When California was admitted to the Union in 1850, slavery was the most divisive issue facing our nation? California was admitted as a "free" state, with no slavery permitted, but much of Southern California was inhabited by pro-slavery southerners. In 1856, the state was already a fabulously wealthy one, but far removed from our country's capital, and there was a movement afoot to the state to form a separate nation. Rapid transportation west to California was essential to maintain close communication. Pro-slavery senators wanted a southern route to California, via Texas. Antislavery forces wanted the North to have access to Upper California where nearly all the gold had been discovered. The central overland route from St.
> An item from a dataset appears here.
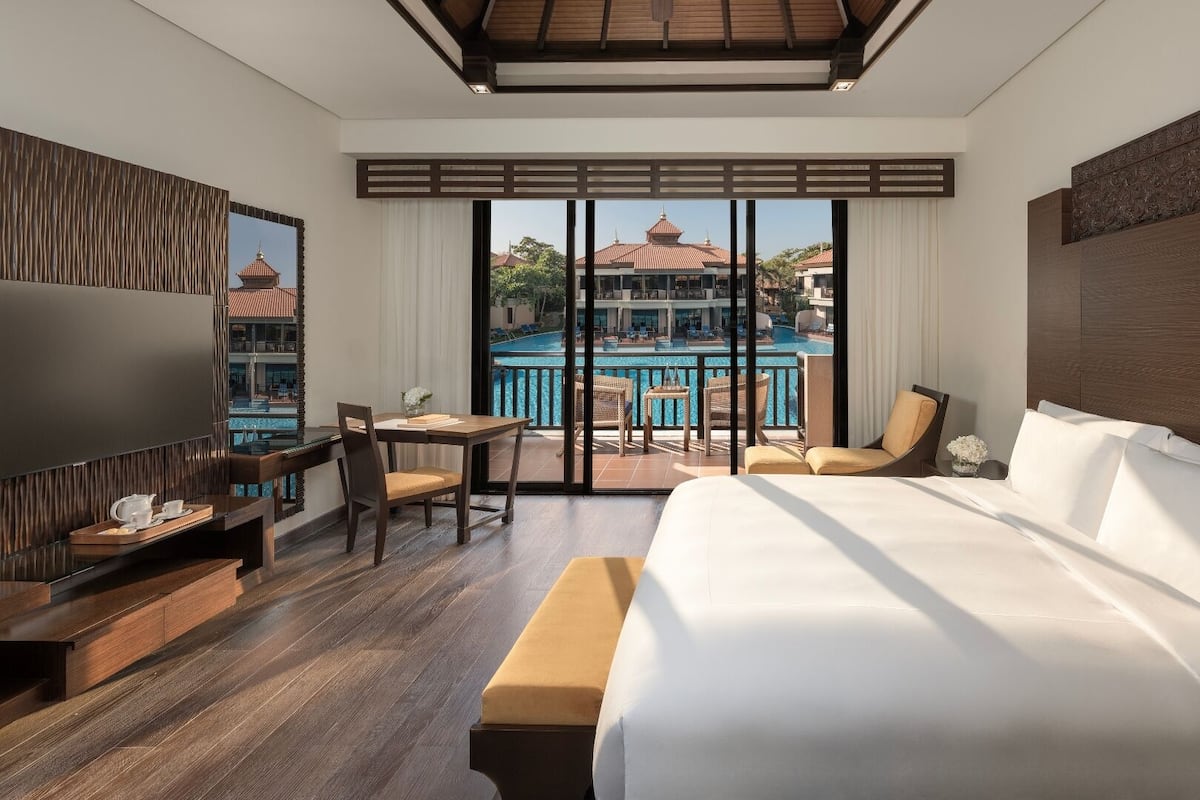 Hotelkamer met een groot bed, een bureau met stoel, een televisie en een balkon met uitzicht op het zwembad.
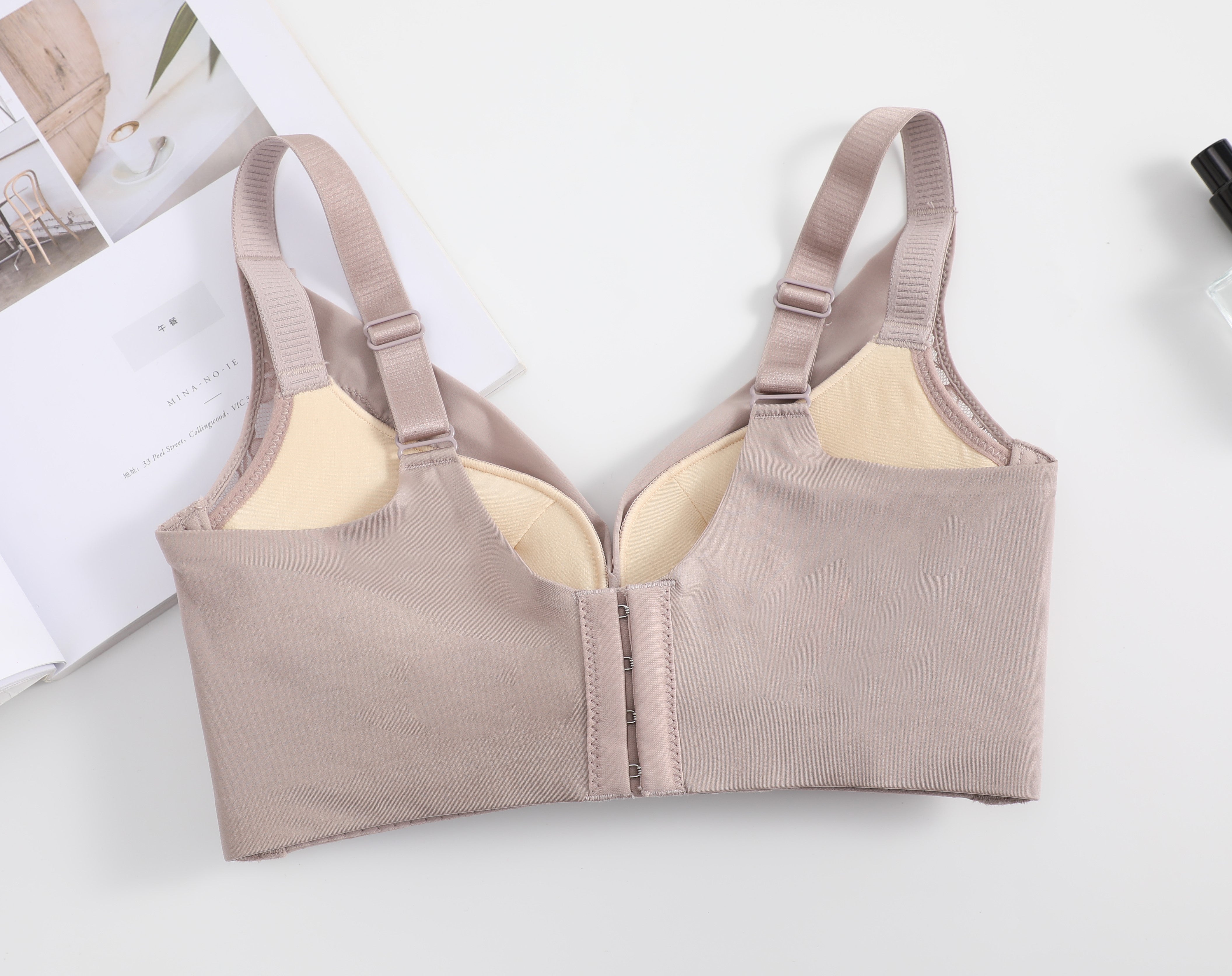 Back view of a pink wireless push-up bra, showing the U-shaped design, adjustable straps, and smooth finish for added support.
Joseph, Missouri, through Nebraska, Southern Wyoming, Utah, and Nevada to Sacramento, California, was the shortest and fastest way, but it was politically unsatisfactory to Southern sympathizers. John Butterfield won a government contract to transport mail from the Mississippi River to San Francisco in 1857. He chose a route that would offend neither the North nor the South. It ran from St. Louis to Tipton, Missouri, by rail, then by Stagecoach or wagon to Springfield, Missouri, to Fort Smith, Arkansas, to Sherman and EL Paso, Texas, thence to Tucson and Yuma, Arizona, to Los Angeles, California and terminating in San Francisco.

The route had the advantage of being snow free most of the year. Much of the route ran through wild and semi-arid territory, but it was open prairie and desert and not particularly difficult for wheeled vehicles.

Watterman Ormsby, who traveled on the first westbound trip, had this to say about one night's travel. "To see the heavy mail wagon whizzing and whirling over the jagged rock, through such a labyrinth, in comparative darkness, and to feel oneself bounding--now on the hard seat, now against the roof, and now against the side of the wagon--was no joke."